Licensing, IP, and training‑data feedback loop

  • Several note a paradox: LLMs owe their capabilities to OSS, yet may undermine the incentives that created that corpus.
  • Concerns include:
    • LLMs as “clean‑room” IP laundering machines (e.g., re‑implementing GPL‑licensed designs under permissive licenses).
    • Weakening of copyleft and contributor‑license expectations when origin and license of generated code are opaque.
  • Suggestions include license‑aware coding tools and provenance/SBOM‑like tracking for generated snippets, but no clear solution appears.

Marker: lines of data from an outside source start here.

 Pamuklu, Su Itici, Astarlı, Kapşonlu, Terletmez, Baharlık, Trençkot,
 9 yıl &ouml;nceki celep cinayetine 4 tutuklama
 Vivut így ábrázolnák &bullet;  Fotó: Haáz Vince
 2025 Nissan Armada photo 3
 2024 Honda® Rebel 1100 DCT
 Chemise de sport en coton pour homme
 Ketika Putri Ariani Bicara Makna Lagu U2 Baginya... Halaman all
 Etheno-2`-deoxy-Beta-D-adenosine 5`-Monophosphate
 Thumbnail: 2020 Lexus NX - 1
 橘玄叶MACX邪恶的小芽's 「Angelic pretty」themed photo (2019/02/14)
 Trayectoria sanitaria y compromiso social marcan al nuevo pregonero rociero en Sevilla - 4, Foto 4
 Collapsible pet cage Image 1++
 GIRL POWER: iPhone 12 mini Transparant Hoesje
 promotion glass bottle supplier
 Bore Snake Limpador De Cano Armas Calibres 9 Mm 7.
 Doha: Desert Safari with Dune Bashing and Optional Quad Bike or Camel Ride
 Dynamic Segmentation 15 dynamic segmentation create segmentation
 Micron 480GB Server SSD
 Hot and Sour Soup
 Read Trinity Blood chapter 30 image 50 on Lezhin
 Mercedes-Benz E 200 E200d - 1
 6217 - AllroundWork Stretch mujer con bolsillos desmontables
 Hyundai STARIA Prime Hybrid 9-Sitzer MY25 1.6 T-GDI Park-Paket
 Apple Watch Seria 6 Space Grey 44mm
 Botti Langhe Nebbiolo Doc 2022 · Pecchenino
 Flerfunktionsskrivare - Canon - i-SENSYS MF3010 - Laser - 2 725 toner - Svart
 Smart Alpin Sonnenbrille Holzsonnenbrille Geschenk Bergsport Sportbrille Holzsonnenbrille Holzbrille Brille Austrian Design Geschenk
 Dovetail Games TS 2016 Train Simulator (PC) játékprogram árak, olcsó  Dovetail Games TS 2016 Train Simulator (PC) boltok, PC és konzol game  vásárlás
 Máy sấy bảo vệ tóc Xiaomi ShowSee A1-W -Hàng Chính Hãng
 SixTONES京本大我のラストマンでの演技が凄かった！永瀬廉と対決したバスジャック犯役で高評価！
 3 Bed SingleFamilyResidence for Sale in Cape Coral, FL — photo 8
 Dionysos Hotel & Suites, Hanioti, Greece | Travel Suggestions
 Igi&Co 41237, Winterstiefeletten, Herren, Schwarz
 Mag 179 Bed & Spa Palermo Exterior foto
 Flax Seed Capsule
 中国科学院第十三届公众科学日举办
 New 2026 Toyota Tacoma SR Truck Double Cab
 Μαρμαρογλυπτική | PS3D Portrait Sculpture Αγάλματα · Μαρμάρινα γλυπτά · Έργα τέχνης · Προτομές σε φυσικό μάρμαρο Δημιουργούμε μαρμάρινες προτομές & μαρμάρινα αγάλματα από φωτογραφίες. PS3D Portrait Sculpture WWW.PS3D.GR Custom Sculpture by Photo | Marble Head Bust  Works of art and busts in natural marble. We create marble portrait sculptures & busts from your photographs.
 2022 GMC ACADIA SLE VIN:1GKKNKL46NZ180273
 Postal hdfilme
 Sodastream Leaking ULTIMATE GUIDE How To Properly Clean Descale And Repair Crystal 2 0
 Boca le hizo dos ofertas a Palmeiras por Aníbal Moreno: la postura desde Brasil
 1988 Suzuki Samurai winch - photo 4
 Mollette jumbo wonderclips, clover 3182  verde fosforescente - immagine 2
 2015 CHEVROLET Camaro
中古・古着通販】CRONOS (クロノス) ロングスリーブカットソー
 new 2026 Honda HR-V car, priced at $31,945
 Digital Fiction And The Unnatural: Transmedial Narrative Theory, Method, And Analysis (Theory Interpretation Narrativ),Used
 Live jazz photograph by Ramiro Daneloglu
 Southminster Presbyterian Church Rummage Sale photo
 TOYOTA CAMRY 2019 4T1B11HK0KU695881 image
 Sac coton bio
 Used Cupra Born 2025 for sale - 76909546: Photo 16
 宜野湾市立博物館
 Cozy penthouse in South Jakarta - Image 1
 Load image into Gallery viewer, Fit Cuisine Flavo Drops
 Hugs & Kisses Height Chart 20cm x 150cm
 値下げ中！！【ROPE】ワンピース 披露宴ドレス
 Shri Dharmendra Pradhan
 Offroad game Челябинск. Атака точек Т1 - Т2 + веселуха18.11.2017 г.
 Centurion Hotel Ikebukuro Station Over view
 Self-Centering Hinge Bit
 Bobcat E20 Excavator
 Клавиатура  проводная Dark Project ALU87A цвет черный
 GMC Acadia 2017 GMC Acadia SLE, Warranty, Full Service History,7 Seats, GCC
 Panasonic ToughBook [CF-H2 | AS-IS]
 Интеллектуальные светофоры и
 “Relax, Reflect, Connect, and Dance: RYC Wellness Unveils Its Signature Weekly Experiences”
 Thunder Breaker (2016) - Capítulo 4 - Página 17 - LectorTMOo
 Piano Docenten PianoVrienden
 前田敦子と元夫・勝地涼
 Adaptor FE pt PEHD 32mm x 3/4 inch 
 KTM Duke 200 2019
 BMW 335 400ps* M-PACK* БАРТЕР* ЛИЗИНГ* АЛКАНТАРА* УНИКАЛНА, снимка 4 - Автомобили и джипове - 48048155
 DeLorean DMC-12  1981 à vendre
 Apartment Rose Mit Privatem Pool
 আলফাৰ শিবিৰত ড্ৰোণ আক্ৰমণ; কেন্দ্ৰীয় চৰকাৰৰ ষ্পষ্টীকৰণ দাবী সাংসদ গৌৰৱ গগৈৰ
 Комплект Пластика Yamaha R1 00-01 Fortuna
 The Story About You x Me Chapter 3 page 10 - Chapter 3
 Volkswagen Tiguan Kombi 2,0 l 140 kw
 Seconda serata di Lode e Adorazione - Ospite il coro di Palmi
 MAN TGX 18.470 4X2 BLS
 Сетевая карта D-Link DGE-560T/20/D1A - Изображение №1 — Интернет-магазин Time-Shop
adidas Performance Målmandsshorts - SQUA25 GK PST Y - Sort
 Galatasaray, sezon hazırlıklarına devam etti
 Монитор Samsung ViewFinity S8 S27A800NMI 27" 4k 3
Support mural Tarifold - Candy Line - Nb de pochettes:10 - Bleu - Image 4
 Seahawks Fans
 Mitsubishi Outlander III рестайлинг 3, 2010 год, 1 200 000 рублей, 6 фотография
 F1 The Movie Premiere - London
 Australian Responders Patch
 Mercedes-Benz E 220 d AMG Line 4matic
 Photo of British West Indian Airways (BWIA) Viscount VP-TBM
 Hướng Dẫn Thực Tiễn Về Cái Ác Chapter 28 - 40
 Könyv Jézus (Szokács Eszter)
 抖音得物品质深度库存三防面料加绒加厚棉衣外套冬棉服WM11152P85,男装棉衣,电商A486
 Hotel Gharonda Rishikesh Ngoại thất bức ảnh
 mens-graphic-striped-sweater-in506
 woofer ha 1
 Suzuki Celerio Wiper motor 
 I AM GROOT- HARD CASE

Future of software: bespoke apps vs shared infrastructure

  • One camp predicts a surge of bespoke, per‑user or per‑team apps (“3D printer for software”), with LLMs generating the 10% of features each user actually needs.
  • The opposing camp stresses enduring value in:
    • Standardized, battle‑tested infrastructure (kernels, DBs, Redis, ffmpeg, etc.).
    • Interoperability, long‑term maintenance, and real‑world hardening that one‑off vibe‑coded tools cannot match.
  • Several suggest the likely outcome is evolutionary: more AI‑assisted “prompt programming” for glue and niche tools atop a still‑shared OSS substrate, not a wholesale replacement of that substrate.